━━ COLLECTED DATA

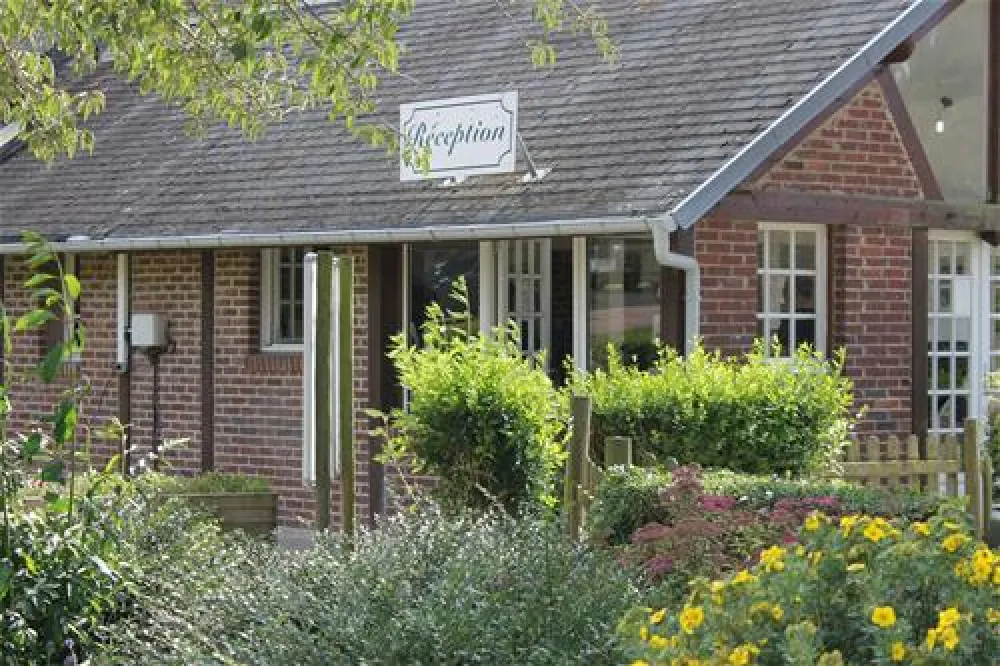 Castel le Domaine de Drancourt  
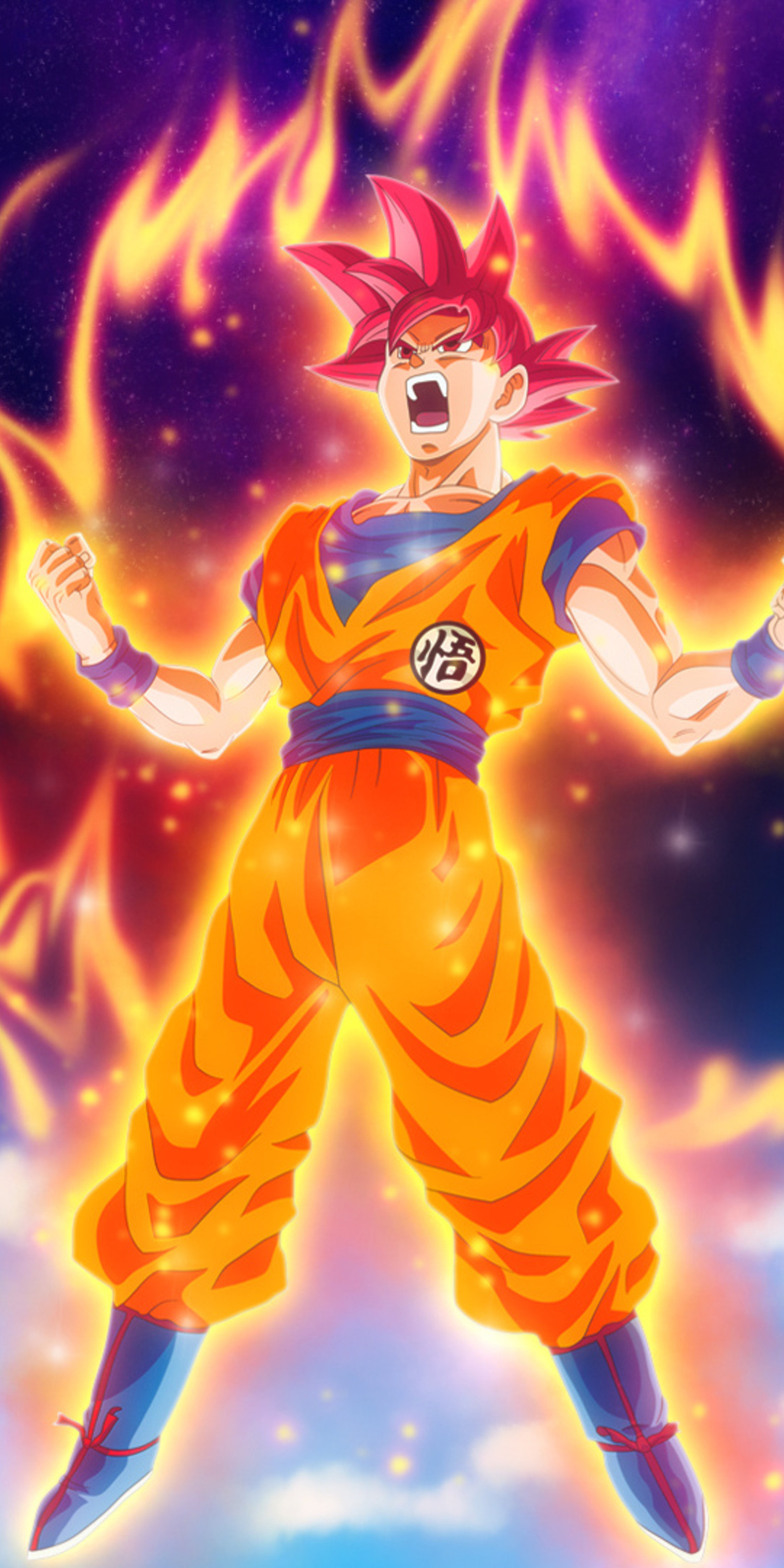 Goku Dragon Ball Super Art Wallpapers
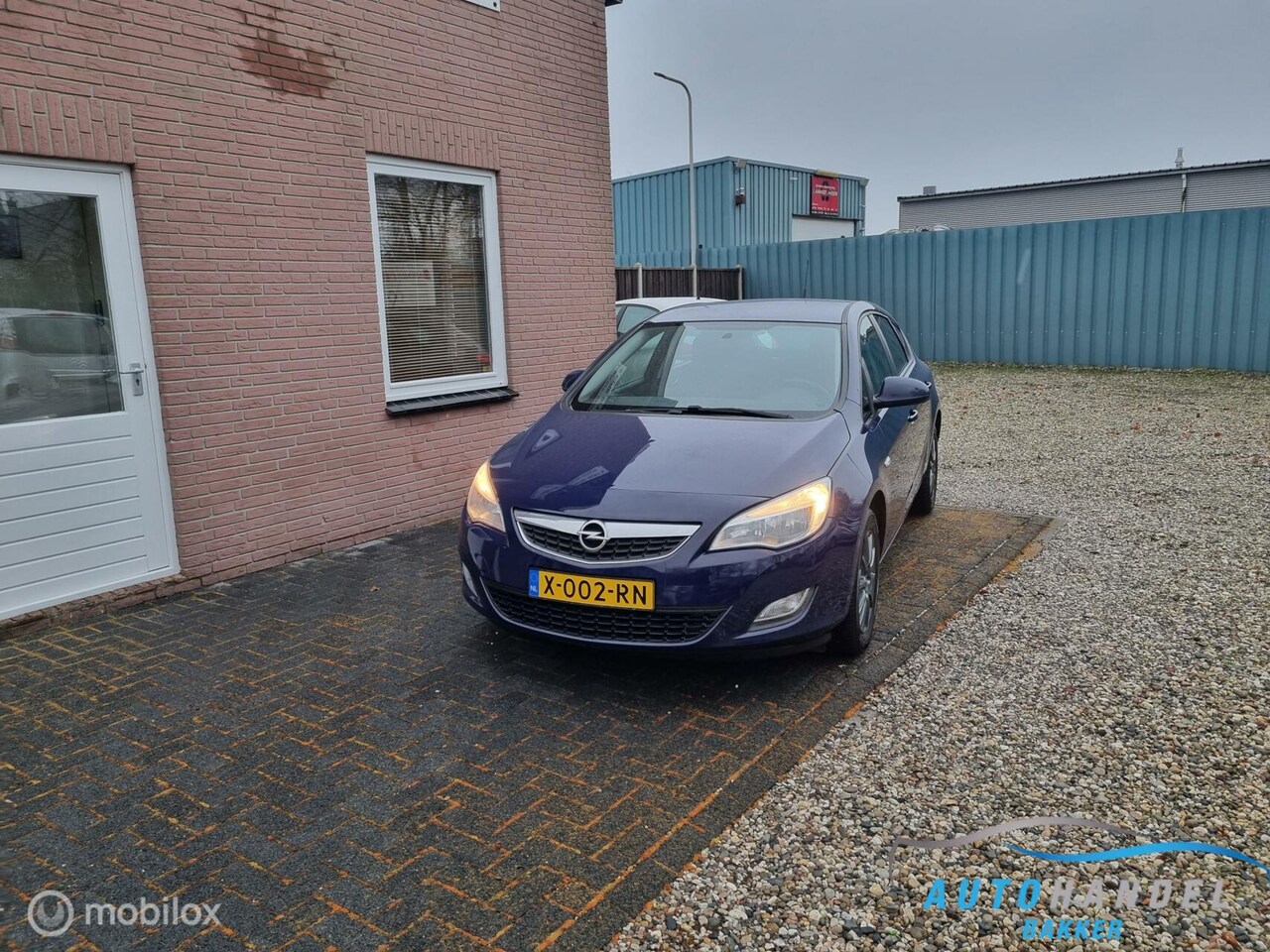 Opel Astra - 1.4 Selection airco sportvelgen - AutoWereld.nl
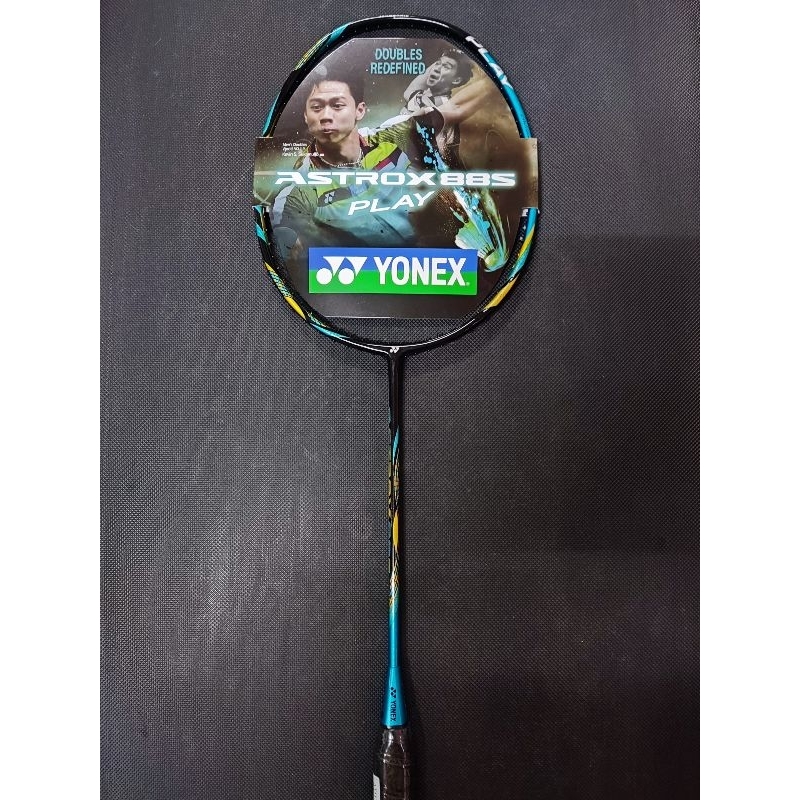 ไม้แบดมินตัน Astrox 88D PLAY และ 88S PLAY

━━━━

## YOUR ASSIGNMENT
Your copy should hold all the data word for word. It should hold no pictures.

## WRITTEN ANSWER
 Castel le Domaine de Drancourt  
 Goku Dragon Ball Super Art Wallpapers
 Opel Astra - 1.4 Selection airco sportvelgen - AutoWereld.nl
 ไม้แบดมินตัน Astrox 88D PLAY และ 88S PLAY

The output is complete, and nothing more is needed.